Scientific classification
- Kingdom: Plantae
- Clade: Tracheophytes
- Clade: Angiosperms
- Clade: Eudicots
- Clade: Asterids
- Order: Lamiales
- Family: Orobanchaceae
- Genus: Castilleja
- Species: C. arachnoidea
- Binomial name: Castilleja arachnoidea Greenm.
- Synonyms: Castilleja filifolia Castilleja payneae

= Castilleja arachnoidea =

- Genus: Castilleja
- Species: arachnoidea
- Authority: Greenm.
- Conservation status: G3
- Synonyms: Castilleja filifolia, Castilleja payneae

Species of flowering plant

Castilleja arachnoidea is a species of Indian paintbrush known by the common name cobwebby Indian paintbrush.

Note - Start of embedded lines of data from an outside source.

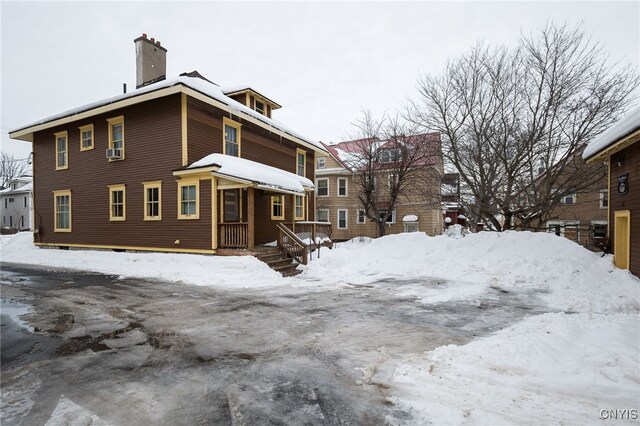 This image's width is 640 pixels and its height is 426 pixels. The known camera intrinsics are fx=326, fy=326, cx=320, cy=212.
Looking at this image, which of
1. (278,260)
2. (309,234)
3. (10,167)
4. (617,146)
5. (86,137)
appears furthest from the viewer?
(10,167)

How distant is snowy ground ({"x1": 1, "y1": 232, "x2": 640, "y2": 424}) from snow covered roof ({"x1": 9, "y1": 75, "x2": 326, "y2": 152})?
654 centimetres

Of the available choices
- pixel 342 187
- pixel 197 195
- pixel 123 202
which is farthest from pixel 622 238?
pixel 342 187

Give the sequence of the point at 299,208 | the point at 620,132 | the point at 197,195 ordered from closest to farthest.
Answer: the point at 620,132
the point at 197,195
the point at 299,208

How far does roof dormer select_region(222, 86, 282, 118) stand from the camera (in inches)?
696

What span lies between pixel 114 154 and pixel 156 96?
3.68 meters

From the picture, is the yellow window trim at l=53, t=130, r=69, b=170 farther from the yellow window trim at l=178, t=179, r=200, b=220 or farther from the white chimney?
the yellow window trim at l=178, t=179, r=200, b=220

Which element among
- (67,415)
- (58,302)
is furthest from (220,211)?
(67,415)

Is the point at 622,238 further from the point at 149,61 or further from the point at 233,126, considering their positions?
the point at 149,61

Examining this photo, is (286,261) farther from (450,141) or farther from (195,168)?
(450,141)

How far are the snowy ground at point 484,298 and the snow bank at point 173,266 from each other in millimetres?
50

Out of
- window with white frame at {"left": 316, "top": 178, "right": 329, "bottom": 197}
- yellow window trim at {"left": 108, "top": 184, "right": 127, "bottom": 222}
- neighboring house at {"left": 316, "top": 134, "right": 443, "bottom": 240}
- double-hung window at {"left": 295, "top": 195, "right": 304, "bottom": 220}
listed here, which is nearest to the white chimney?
yellow window trim at {"left": 108, "top": 184, "right": 127, "bottom": 222}

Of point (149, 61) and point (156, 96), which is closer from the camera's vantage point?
point (156, 96)

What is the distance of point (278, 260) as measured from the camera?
1274 centimetres

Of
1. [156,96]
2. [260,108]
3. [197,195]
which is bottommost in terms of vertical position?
[197,195] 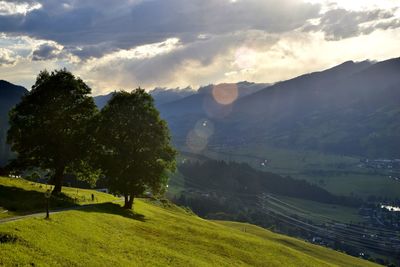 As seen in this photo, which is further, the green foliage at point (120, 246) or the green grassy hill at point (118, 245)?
the green foliage at point (120, 246)

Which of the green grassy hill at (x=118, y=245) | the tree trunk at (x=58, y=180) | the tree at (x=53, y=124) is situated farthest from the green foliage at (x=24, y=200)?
the green grassy hill at (x=118, y=245)

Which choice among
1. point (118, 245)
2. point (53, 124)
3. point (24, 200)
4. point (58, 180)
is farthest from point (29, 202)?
point (118, 245)

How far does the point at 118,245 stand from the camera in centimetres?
4197

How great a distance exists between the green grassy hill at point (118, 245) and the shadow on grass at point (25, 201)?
6930mm

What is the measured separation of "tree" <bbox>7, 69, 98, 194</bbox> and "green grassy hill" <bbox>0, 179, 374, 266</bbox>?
12.5 m

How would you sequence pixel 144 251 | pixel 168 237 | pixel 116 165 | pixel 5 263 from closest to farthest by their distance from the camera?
pixel 5 263 < pixel 144 251 < pixel 168 237 < pixel 116 165

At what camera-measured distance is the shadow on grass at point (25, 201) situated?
52237 millimetres

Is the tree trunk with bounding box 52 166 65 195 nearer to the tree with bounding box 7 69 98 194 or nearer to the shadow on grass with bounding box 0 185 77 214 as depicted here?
the tree with bounding box 7 69 98 194

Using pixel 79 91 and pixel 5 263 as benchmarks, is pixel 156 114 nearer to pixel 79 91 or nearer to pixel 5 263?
pixel 79 91

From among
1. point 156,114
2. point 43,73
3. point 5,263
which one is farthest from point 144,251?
point 43,73

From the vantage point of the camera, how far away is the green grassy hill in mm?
31297

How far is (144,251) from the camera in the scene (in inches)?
1715

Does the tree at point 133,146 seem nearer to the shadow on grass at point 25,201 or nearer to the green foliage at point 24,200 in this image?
the green foliage at point 24,200

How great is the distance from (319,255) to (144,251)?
75.6 meters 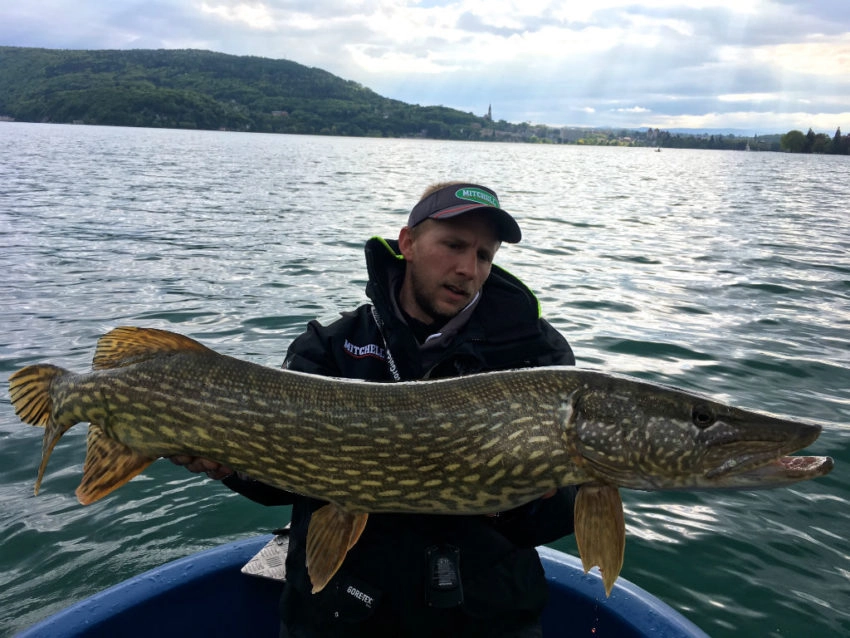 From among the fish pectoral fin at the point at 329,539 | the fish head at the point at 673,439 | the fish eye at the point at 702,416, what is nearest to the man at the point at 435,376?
the fish pectoral fin at the point at 329,539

It is native to northern California and Nevada and southern Oregon, where it is a resident of the local mountain ranges and the Modoc Plateau. This is a small woolly perennial herb growing up to about 30 centimeters in maximum height. Its narrow, pointed leaves are a few centimeters long and may be lobed. The inflorescence is coated in cobwebby fibers. The bracts are yellowish to dull red and the pouchlike flowers which emerge between them are greenish yellow to purplish red in color. The fruit is a capsule about a centimeter long.